(left to right)
Back row: Khylil Robinson, Ardhika Aziz (behind Max, not visible), Max Woessner, Dana Kilgarriff, Benjamin Hartranft, Councilmember Derek Green, Douglas Ortelere, Katy Kaplan, Denny O’Brien
Front Row: Mary Kay Tuohy, Katie Croce, Max Zukin, Rachel Guttentag, Luke Tomczuk, Matthew Walsh, Gregory Bannett, Aliki Koumenis CAPS participant Adam Salomon not pictured
Training team: Mary Kay Tuohy, Katie Croce, Aliki Koumenis, Katy Kaplan (not pictured Lauren Flynn)
Philly Autism Project: City Councilmember Denny O’Brien and Former City Councilmember Denny O’Brien

On June 28, Community Behavioral Health (CBH) awarded certificates of graduation to 12 individuals from the first training course for the Community Autism Peer Specialist (CAPS) program. The CAPS training consisted of a three-week intensive class for those who wish to serve as peer mentors for individuals with autism in Philadelphia.

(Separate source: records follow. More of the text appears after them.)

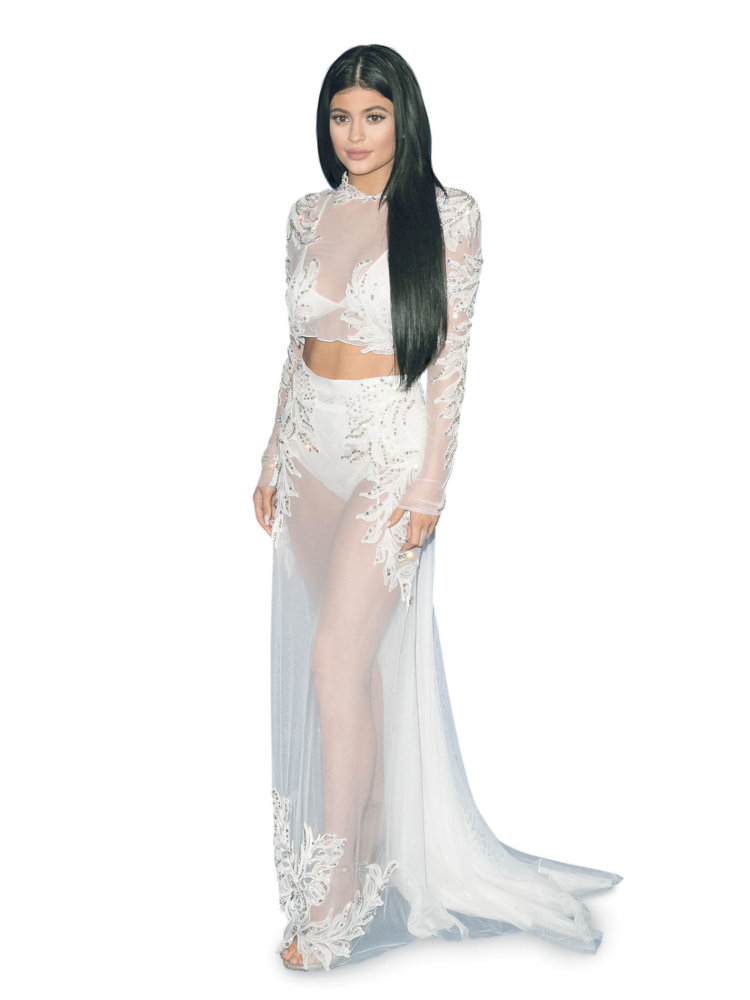Modelka Kylie Jennerová.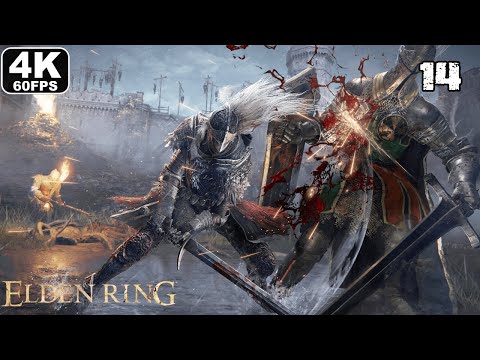 ELDEN RING Gameplay Walkthrough PS5 Part 14 FULL GAME (4K 60FPS) - No Commentary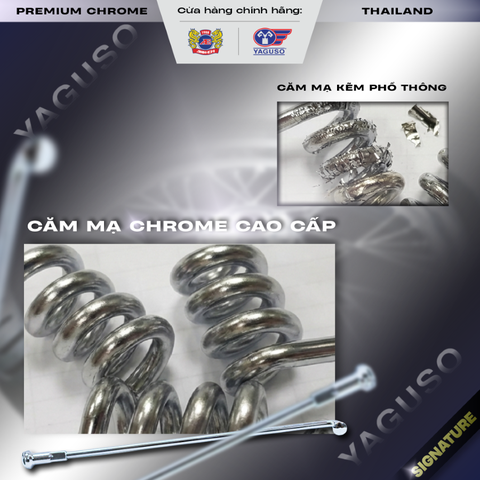 Căm Thái Lan Chorme Yaguso diamond phiên bản cao cấp
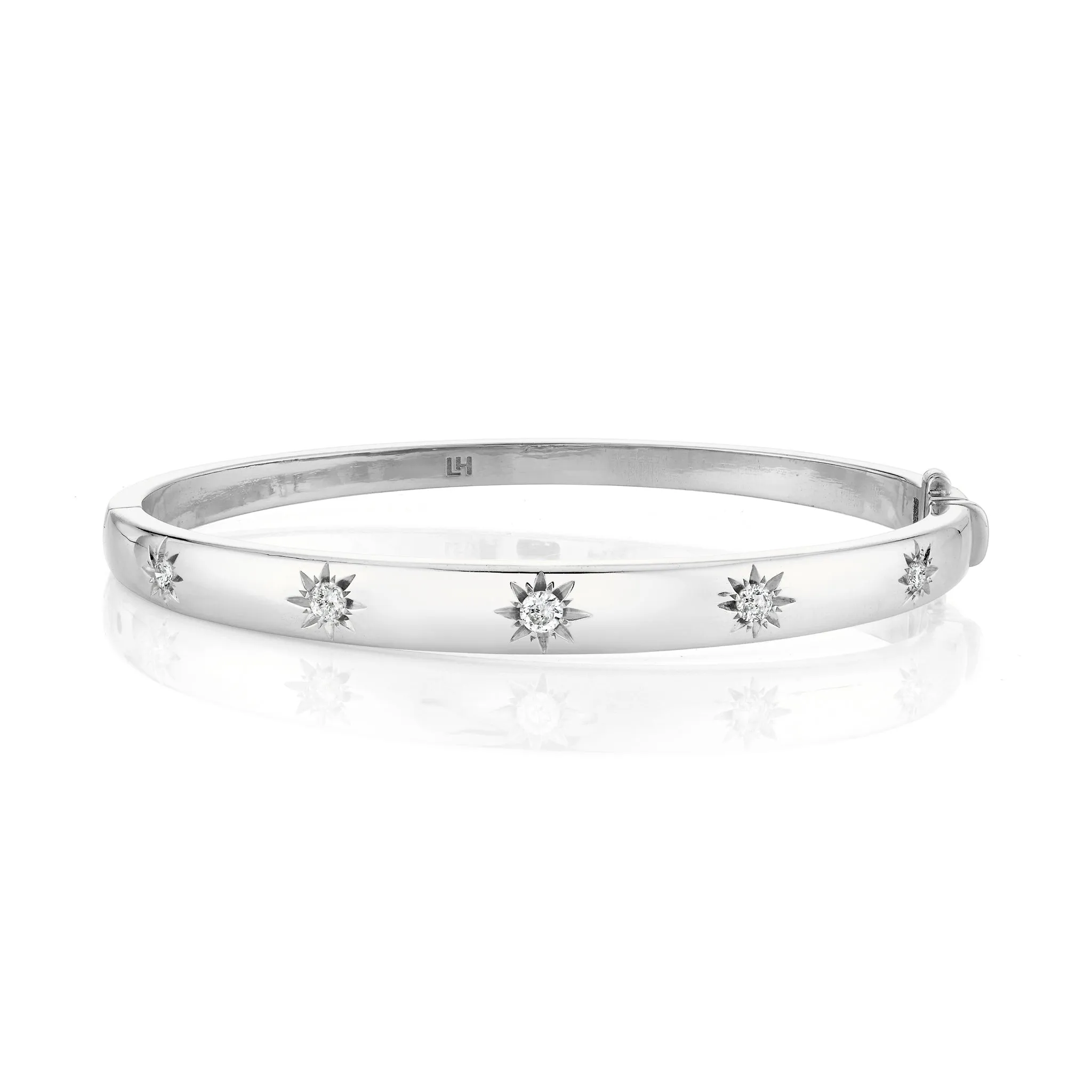 Star Set Diamond Bracelet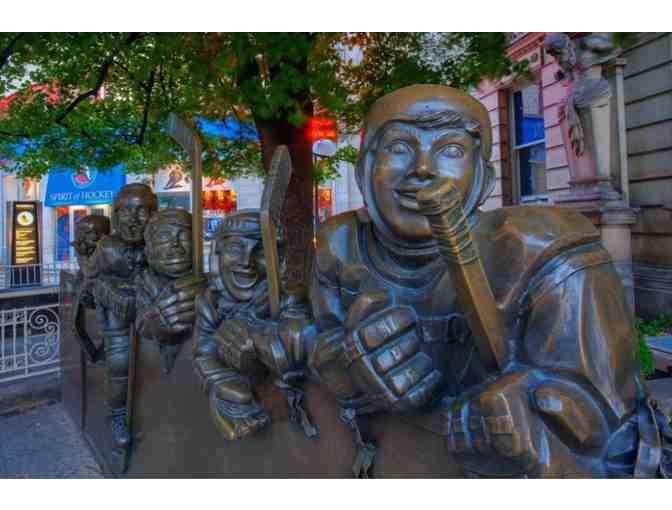 Four (4) Hockey Hall of Fame Passes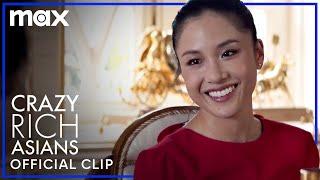 Rachel Reveals Who She is Dating | Crazy Rich Asians | Max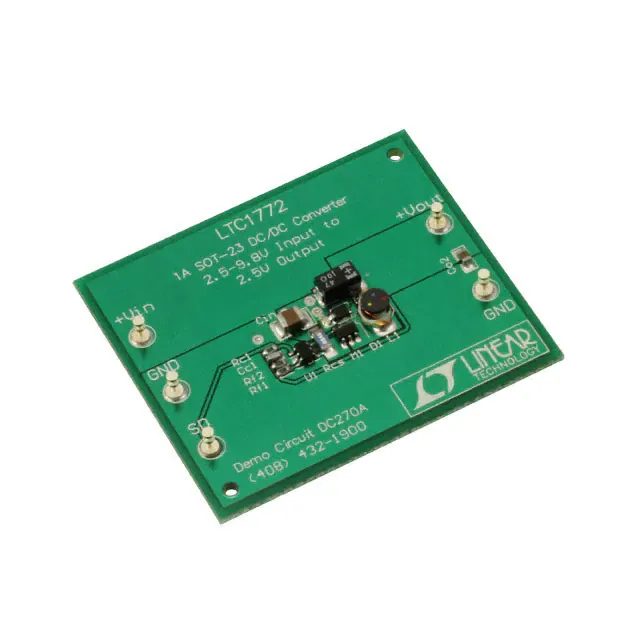 DC270A (BOARD EVAL FOR LTC1772CS6)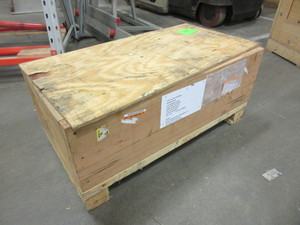 lot 853 image: USED CUSTOM MADE CRATE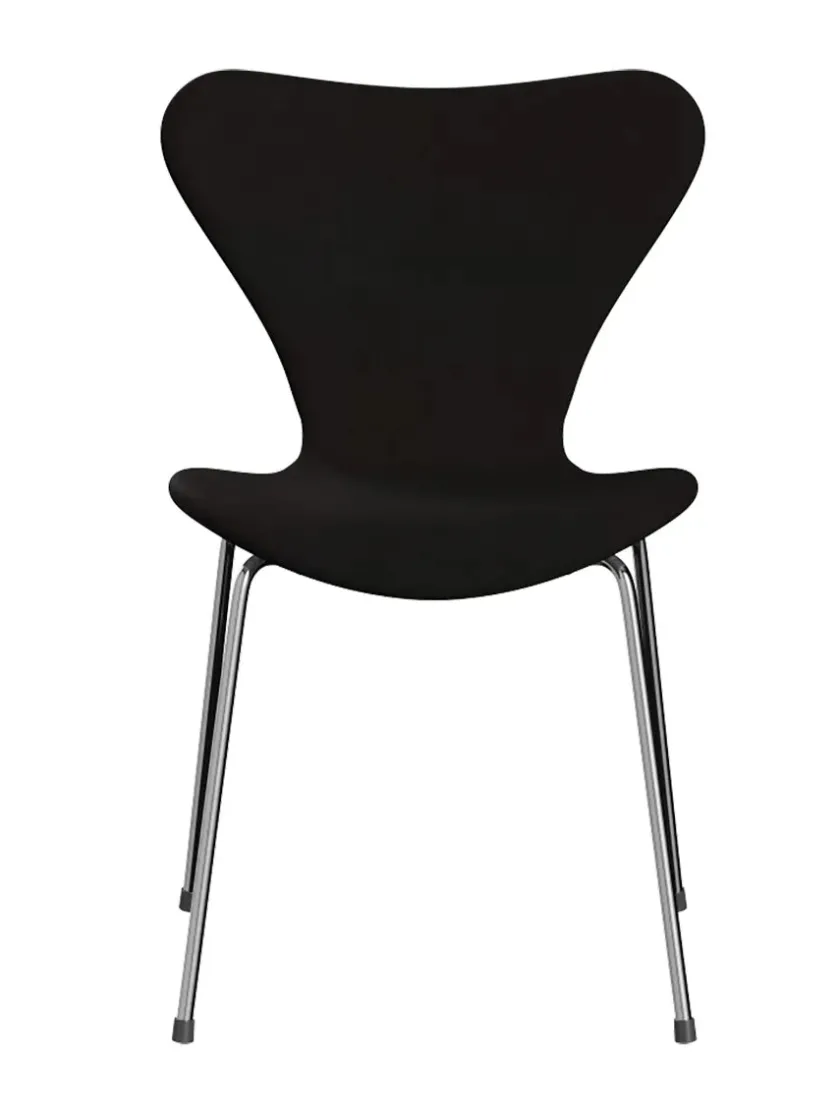 Fritz Hansen 3107 Serie 7, fuldpolstret af Arne Jacobsen> Spisebordsstole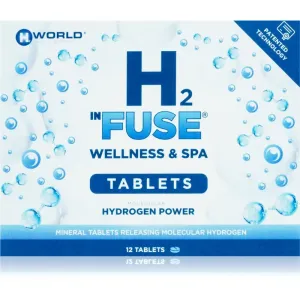 H2 InFuse 12 tablets Wellness & Spa Molecular hydrogen® Badetabletten mit regenerierender Wirkung 12 TAB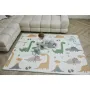 Covoras de joaca, FreeON, Magic Dino, Cu doua fete, Pliabil, Protectie impotriva loviturilor, 200 x 150 cm, Cu Imprimeu pe ambele parti, 0 luni+, Multicolor - 10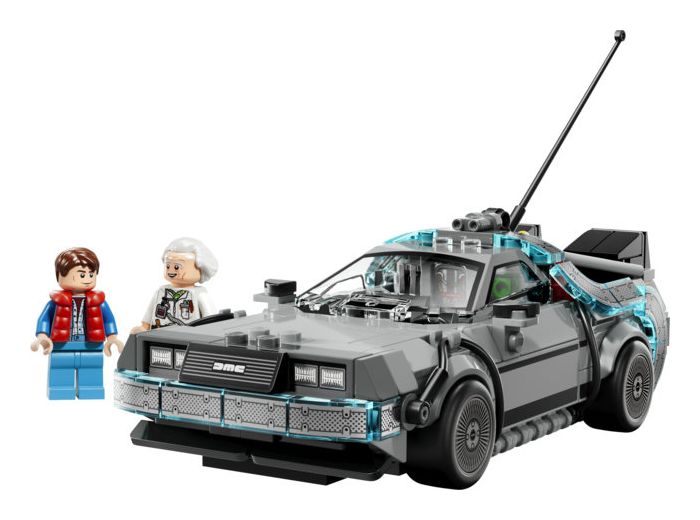 Zeitmaschine aus Zurück in die Zukunft 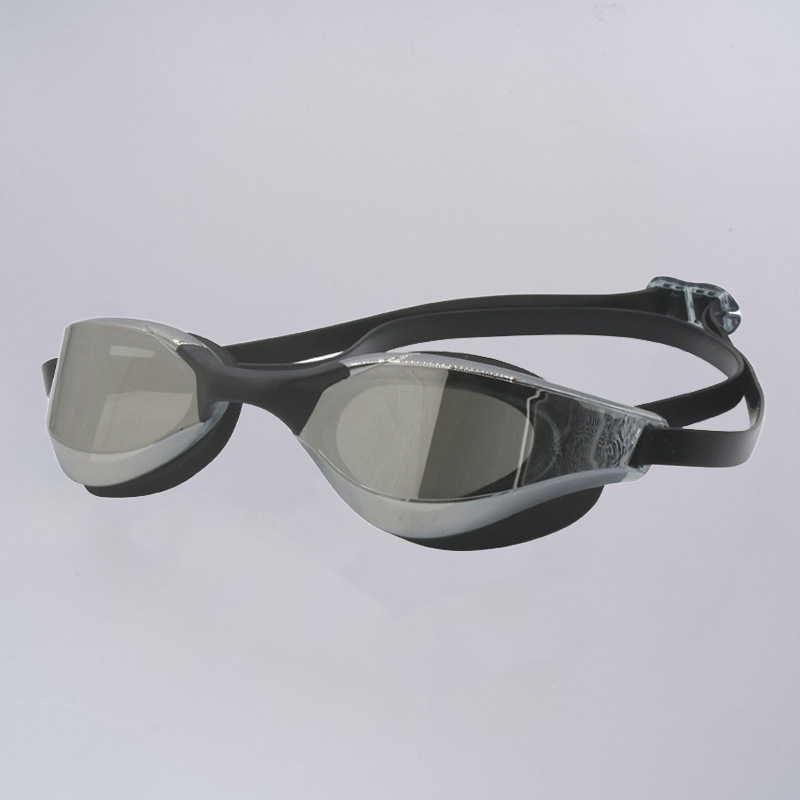 A Black with Silver Plating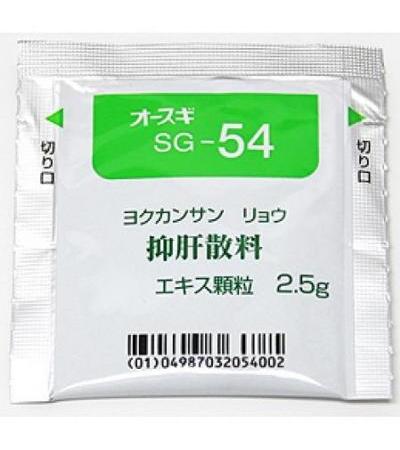 OHSUGI Yokukansan extract TG(SG-54): 168 bags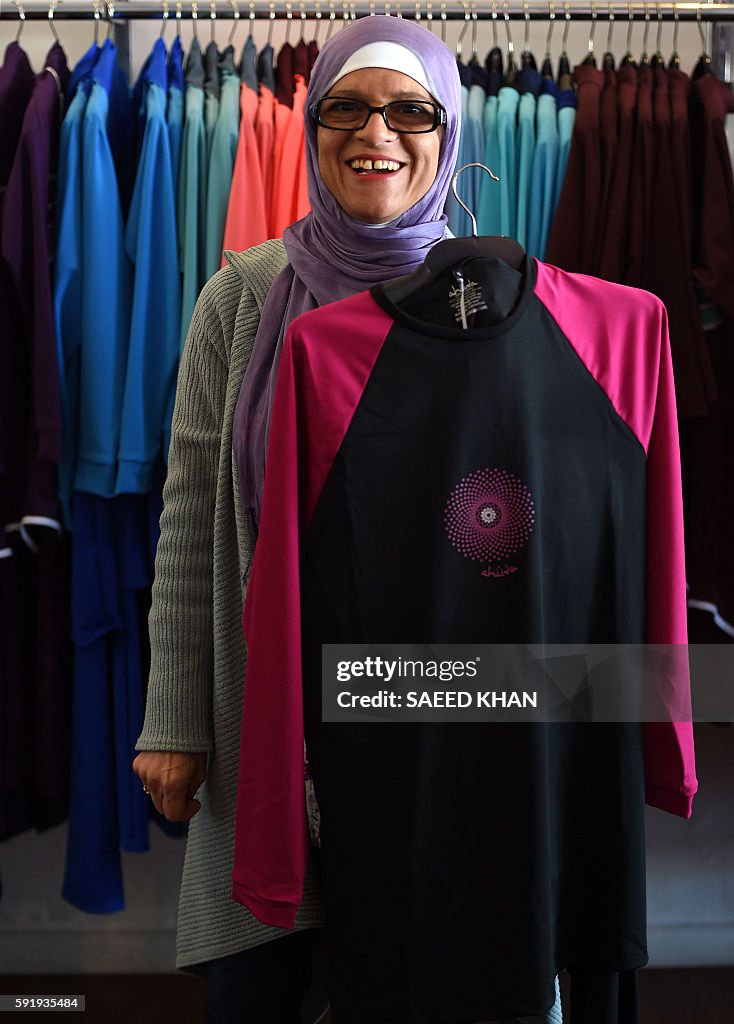 AUSTRALIA-FRANCE-ISLAM-CLOTHING-MUSLIM-LIFESTYLE
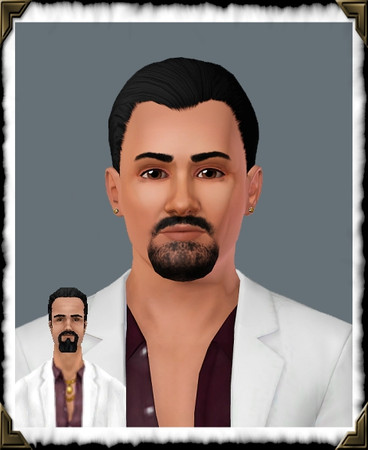 Sims 3 — Frankie Mashuga by frisbud — Part of my Sims1 conversion series. The Mashuga family was introduced in the Sims1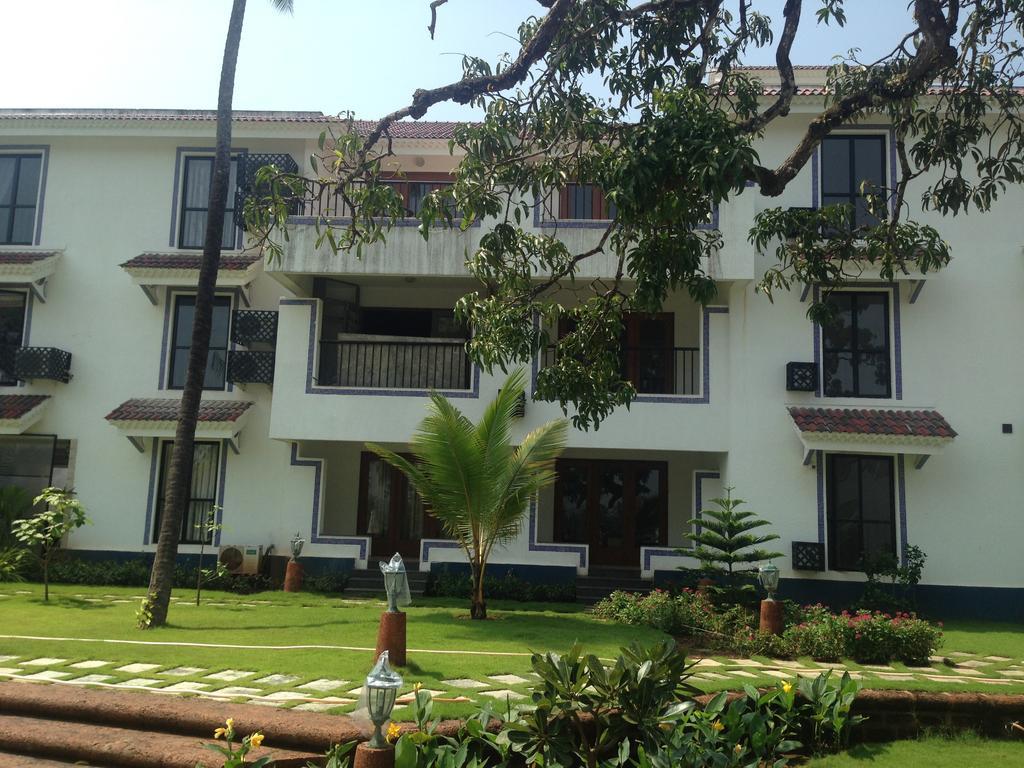 Studio And One Bedroom Apartment In Riviera Sapphire, Siolim Luaran gambar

The program, slated to launch in Fall 2019, aims to pair individuals with autism spectrum disorder (ASD) with trained CAPS peers. These peers, who themselves have autism, will help their mentees achieve personal wellness goals—relating to education, employment, interpersonal relationships, and other areas of interest—while focusing on furthering community integration. The program is part of a larger effort to enhance and expand services for Philadelphians with ASD. The new program also focuses on young people who are often less engaged with supportive mental health services. The CAPS program is being coordinated by CBH, in collaboration with Mental Health Partnerships.

The graduation ceremony at CBH marked the first step in finding peers for the program. Twelve individuals graduated from a three-week intensive training course designed to prepare them as potential CAPS hires. One trainee, Matthew Walsh, remarked that training had been “very busy.” Despite this, he found the skills he learned useful, even saying that “the curriculum that was developed for the CAPS program should not be exclusively taught to those with autism. These skills and lessons should be taught to all students.”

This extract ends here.